The Department of Homeland Security (DHS) is resuming its controversial “Remain in Mexico” policy. This policy requires asylum-seeking Central American migrants who arrive at our Southern border to return to Mexico to await their immigration court hearings in the United States.
A federal judge in California had previously blocked the policy’s implementation until the court fully considered the legal arguments raised in a lawsuit challenging the policy. However, just last week, the Ninth Circuit Court of Appeals granted the government’s request to resume the practice while the Circuit Court reviews the lower California court’s decision. DHS will continue to return Central American migrants to Mexico for the foreseeable future as the Circuit Court conducts its review.
Over five thousand migrants have been subject to the policy, known officially as the “Migrant Protection Protocols,” since the U.S. government began the practice in late January 2019. The continuation of the policy signals the Trump administration’s unprecedented crackdown on asylum seekers and its ongoing disregard for the welfare of some of the most vulnerable individuals caught up in the U.S. immigration system. Countless reports have surfaced over the past few months of the dangerous conditions in Mexico and the border region in particular.
The Migrant Protection Protocols began with a trickle of migrants at the Tijuana-San Ysidro port of entry just weeks after a 6,000-person migrant caravan arrived in Tijuana. The policy has since expanded to entry-points across the U.S.-Mexico border, notably in El Paso, Texas and Calexico, California.

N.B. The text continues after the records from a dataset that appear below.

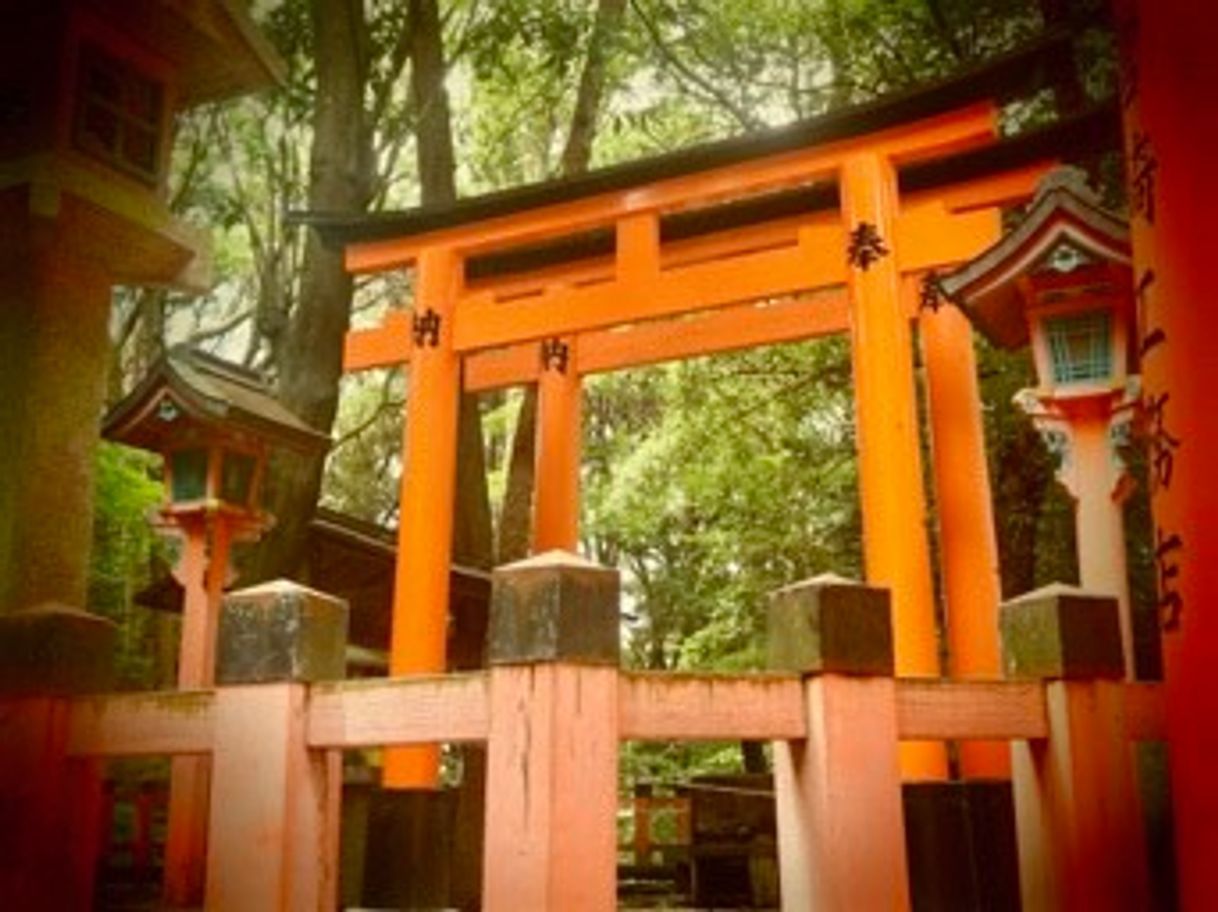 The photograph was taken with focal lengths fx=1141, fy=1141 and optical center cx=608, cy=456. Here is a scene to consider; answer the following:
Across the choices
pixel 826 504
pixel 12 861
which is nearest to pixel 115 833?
pixel 826 504

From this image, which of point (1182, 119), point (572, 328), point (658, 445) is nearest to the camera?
point (1182, 119)

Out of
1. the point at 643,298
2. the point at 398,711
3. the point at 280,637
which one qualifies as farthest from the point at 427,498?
the point at 398,711

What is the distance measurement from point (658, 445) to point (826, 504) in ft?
7.96

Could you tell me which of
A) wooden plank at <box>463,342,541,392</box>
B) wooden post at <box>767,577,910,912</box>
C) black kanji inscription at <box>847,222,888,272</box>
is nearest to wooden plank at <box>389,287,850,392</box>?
wooden plank at <box>463,342,541,392</box>

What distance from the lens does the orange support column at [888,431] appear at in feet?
23.7

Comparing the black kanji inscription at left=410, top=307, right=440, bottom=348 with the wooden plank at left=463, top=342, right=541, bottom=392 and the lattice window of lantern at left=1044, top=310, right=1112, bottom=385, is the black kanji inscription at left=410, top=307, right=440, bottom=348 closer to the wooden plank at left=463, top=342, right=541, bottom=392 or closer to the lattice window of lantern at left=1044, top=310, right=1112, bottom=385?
the wooden plank at left=463, top=342, right=541, bottom=392

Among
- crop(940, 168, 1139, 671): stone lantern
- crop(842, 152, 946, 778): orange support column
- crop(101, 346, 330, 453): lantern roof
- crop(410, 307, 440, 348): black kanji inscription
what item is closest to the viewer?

Meanwhile, migrants continue to flee towards the United States in search of safety. In April, border authorities stopped 109,144 migrants attempting to enter the country without documentation. The stated purpose of the policy—to deter future migration to the United States—is failing, and at great cost to those subject to the policy and trapped in Mexico.
The numbers of migrants attempting to access the asylum process in the United States remain high as rampant violence and economic insecurity continue to grip parts of Mexico and the Northern Triangle countries of Guatemala, El Salvador, and Honduras.
A report by Doctors Without Borders says that citizens from these countries “are murdered with impunity; kidnappings and extortion are daily occurrences. Non-state actors perpetuate insecurity and forcibly recruit individuals into their ranks and use sexual violence as a tool of intimidation and control.”
In January, Mexico issued over 13,000 humanitarian visas to Central Americans seeking safety in Mexico. Within several weeks, under pressure from the United States, Mexico stopped issuing the visas. This left many Central American migrants with even fewer options and potentially more vulnerable to being deported from Mexico back to harm.
These fears were confirmed when Mexican President Andres Manuel Lopez Obrador ordered Mexican immigration authorities to raid a 3,000-person caravan bound for the United States in Chiapas, a state in Southern Mexico. Disturbing footage shows hundreds, including many women and children, were detained in the operation, likely destined for deportation from Mexico.
The situation in Mexico remains dire for many migrants seeking humanitarian relief. U.S.-based attorneys with expertise in asylum law struggle to figure out how to advise migrants trapped on the Mexican side of the border. The recent decision by the federal appeals court is a temporary victory for the Trump administration.
Even so, the Director of the ACLU’s Immigrants’ Rights Project, one of the organizations driving the litigation, stated, “Notably, two of the three judges that heard this request found that there are serious legal problems with what the government is doing, so there is good reason to believe that ultimately this policy will be put to a halt.”